Department of Biostatistics, Harvard T.H. Chan School of Public Health, Boston, MA 02215.
Division of Cancer Epidemiology and Genetics, National Cancer Institute, Bethesda, MD 20814.
Proc Natl Acad Sci U S A. 2024 Aug 13;121(33):e2403210121. doi: 10.1073/pnas.2403210121. Epub 2024 Aug 7.

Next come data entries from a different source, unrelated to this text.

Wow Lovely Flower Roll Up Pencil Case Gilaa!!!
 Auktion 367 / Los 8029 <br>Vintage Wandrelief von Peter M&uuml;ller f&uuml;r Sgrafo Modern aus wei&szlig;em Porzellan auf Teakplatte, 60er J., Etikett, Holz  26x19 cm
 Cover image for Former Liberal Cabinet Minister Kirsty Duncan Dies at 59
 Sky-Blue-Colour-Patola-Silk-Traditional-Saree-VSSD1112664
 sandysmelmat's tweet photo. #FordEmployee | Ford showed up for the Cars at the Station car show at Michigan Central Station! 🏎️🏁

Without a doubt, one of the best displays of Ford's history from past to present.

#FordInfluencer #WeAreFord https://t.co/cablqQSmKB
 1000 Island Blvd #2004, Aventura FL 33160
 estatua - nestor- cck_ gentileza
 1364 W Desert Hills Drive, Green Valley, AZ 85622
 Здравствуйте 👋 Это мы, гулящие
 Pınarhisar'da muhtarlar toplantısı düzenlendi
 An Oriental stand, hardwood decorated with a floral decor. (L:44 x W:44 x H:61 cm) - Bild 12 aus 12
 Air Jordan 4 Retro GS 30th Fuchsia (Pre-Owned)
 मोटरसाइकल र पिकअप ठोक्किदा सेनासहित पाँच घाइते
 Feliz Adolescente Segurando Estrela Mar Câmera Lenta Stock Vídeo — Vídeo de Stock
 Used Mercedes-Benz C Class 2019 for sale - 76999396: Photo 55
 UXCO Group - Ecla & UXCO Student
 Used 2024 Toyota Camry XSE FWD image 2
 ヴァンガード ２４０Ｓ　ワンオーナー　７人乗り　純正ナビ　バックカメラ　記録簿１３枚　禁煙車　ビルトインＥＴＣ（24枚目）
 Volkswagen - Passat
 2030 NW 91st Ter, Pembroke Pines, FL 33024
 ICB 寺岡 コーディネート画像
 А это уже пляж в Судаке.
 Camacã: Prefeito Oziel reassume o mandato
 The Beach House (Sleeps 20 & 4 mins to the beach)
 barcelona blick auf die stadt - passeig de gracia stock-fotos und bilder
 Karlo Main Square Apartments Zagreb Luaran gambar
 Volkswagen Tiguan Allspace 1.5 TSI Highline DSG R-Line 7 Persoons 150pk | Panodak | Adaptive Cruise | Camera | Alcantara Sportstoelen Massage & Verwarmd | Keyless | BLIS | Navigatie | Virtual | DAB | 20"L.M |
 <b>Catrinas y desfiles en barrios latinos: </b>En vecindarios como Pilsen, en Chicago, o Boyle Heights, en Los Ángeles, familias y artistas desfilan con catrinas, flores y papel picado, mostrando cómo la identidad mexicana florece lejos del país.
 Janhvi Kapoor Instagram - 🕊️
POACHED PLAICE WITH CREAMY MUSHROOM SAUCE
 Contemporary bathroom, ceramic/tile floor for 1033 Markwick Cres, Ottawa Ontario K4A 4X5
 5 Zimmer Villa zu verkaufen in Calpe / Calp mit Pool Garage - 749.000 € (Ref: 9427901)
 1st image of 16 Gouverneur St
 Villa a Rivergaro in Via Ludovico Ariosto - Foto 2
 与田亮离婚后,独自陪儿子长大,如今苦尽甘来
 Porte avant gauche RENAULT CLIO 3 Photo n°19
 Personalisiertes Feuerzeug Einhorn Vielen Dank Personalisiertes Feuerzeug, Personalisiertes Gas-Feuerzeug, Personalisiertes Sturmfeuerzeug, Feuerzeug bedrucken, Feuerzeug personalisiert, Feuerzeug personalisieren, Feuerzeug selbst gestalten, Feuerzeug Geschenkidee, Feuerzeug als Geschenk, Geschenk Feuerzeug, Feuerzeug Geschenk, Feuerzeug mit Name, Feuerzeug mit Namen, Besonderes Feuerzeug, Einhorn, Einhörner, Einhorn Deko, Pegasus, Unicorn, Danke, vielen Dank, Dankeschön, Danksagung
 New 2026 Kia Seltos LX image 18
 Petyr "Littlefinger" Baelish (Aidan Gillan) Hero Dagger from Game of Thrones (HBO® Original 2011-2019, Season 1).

Polygenic risk scores (PRS) enhance population risk stratification and advance personalized medicine, but existing methods face several limitations, encompassing issues related to computational burden, predictive accuracy, and adaptability to a wide range of genetic architectures. To address these issues, we propose Aggregated L0Learn using Summary-level data (ALL-Sum), a fast and scalable ensemble learning method for computing PRS using summary statistics from genome-wide association studies (GWAS). ALL-Sum leverages a L0L2 penalized regression and ensemble learning across tuning parameters to flexibly model traits with diverse genetic architectures. In extensive large-scale simulations across a wide range of polygenicity and GWAS sample sizes, ALL-Sum consistently outperformed popular alternative methods in terms of prediction accuracy, runtime, and memory usage by 10%, 20-fold, and threefold, respectively, and demonstrated robustness to diverse genetic architectures. We validated the performance of ALL-Sum in real data analysis of 11 complex traits using GWAS summary statistics from nine data sources, including the Global Lipids Genetics Consortium, Breast Cancer Association Consortium, and FinnGen Biobank, with validation in the UK Biobank. Our results show that on average, ALL-Sum obtained PRS with 25% higher accuracy on average, with 15 times faster computation and half the memory than the current state-of-the-art methods, and had robust performance across a wide range of traits and diseases. Furthermore, our method demonstrates stable prediction when using linkage disequilibrium computed from different data sources. ALL-Sum is available as a user-friendly R software package with publicly available reference data for streamlined analysis.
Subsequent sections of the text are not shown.